The Belfast Library and Society for Promoting Knowledge, today more commonly known as The Linen Hall, developed from the Belfast Reading Society. Established on 13th May 1788, the society was part of a widespread movement for self-improvement and the improvement of society.

Such societies emerged in towns and cities across Britain and Ireland. With rising rates of literacy, members banded together to acquire works of importance. In Ireland, in particular, revolutionary principles and Enlightenment ideals prompted their rise.

The founding members were:

Worthy plebians who would do honour to any town, not among them one of higher rank than McCormick the gunsmith or Osborne the baker.

Roger Mulholland, a builder and architect was the society’s first President. The first Librarian was Robert Cary. Minute books suggest there were thirteen further founding members:

William McCleery, tanner; Robert McCormick, gunsmith; his brother James McCormick; John Rabb, printer; William Hamilton; Arthur Quinn; Hugh McNamara; James Burgess; James Woodburn; James de Butts; Maurice Spottiswood; James Potts; and Richard Murdock.

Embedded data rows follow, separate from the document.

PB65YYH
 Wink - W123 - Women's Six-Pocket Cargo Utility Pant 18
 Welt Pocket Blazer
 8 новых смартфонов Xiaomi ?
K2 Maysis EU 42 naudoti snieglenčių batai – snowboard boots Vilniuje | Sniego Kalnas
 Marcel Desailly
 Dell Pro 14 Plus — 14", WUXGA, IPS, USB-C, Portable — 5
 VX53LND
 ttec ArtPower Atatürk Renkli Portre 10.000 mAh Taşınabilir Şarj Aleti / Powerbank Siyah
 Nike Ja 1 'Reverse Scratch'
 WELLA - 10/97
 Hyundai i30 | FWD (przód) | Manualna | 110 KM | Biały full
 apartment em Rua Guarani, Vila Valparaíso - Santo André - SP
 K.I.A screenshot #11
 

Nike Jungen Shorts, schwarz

These founders laid out clear and concise rules referring to terms of membership, governance of the society, and due care of books.

Rules of the Belfast Reading Society

1. That the mode of admitting members shall be by ballot, six black beans excluding.
2. That every candidate for admittance must be known to one or more of the regular members, or recommended by some person in whom the society can place confidence, and be proposed one month previous to admittance.
3. That each member shall pay the monthly sum of one shilling British, as long as the society shall deem it necessary.
4. That the sum to be paid by members who shall be admitted one year or upwards after the commencement of the society, shall be regulated from time to time by a majority of the society.
5. That no member shall have the use of any book longer than fourteen days, if called for by any other member of the society.
6. That no member shall be at liberty to lend out of his house or family any book or books, the property of the society, and for every such offence where detected, shall be fined five British shillings, besides being accountable for whatever injury such book or books may thereby have received.
7. That each member shall sign an obligation to pay the first cost or value of any book he may injure, lose, or not return to the society, and the full value of any set he may render incomplete by doing so.
8. That any member who does not pay his monthly subscription or cause it to be paid on that day appointed for that purpose shall be fined the sum of three pence. No excuse for failure will be admitted.
9. That any member who shall be three months in arrears to the society will not be supplied with any books from the library until arrears and fines are paid up.
10. That any member who shall be in arrears to the society one year’s subscription or twelve shillings British shall thereby forfeit his property in the library and privilege in the society and cannot be restored to either without producing satisfactory reasons to the committee and paying his arrears.
11. That the committee shall consist of five members who shall be chosen by ballot, who shall choose and purchase the books for the use of the society, specify the fines and take such steps as may be proper and necessary to enforce obedience to and due observance of the regulations, who shall lay their transactions, state of the accounts and library quarterly before a meeting of the society at which meeting the committee shall be chosen.
12. It being absolutely necessary that the committee and secretary should attend the different meetings of the society, a fine of one British shilling shall be paid by any member thereof who shall be absent and a fine of sixpence British on not appearing till half an hour after the hour of meeting.
13. That any member shall have power to sell or bequeath his property in the library.
14. That if upon inquiry it shall appear that any member died without willing or bequeathing his property in the library, said property shall be transferrable to the heir of the deceased member, with this proviso that said heir or person to whom said property may be sold or bequeathed shall be admitted by the same mode and on the same principles as other members are, and if said heir or purchaser be rejected by the society they have a liberty of transferring their property ad infinitum until there is a person proposed considered as eligible to be admitted as a member in the society.
15. That each member shall declare his approbation and bind himself to the strict and faithful observance of these regulations by subscribing his name.
Belfast, 13 May 1788

From its beginning, the society’s central aim was to run a subscription library for the benefit of its members. Later, it would take on a wider remit in the cultural and educational life of Belfast. While other societies faltered over the past 200 years, The Linen Hall flourished in an industrial city. Today, the institution is much more than just a library but remains true to the ideals and values laid down more than 235 years ago.